- _WHAT THE TASK REQUIRES_:
Please give the lines below again exactly as they stand, from the one that contains "白が貴重になっており高級感あります" up to and including the one that contains "Обрабатывающий центр с ЧПУ KDT KN-3710DE", leaving all pictures out.

- _SOURCE MATERIAL_:
* * * * * * * * *

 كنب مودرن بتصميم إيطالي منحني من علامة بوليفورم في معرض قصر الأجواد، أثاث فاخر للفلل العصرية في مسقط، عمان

* * * * * * * * *

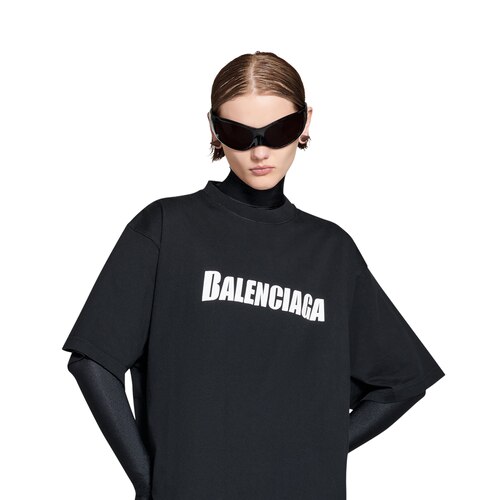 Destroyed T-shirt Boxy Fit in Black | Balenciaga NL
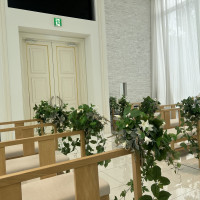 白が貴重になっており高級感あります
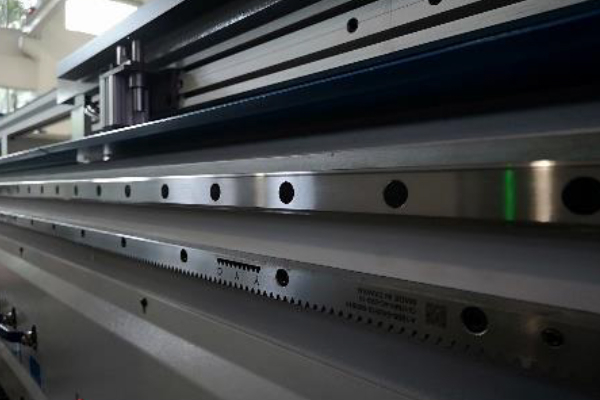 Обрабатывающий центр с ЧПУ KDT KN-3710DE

* * * * * * * * *

- _WRITTEN REPLY_:
 白が貴重になっており高級感あります
 Обрабатывающий центр с ЧПУ KDT KN-3710DE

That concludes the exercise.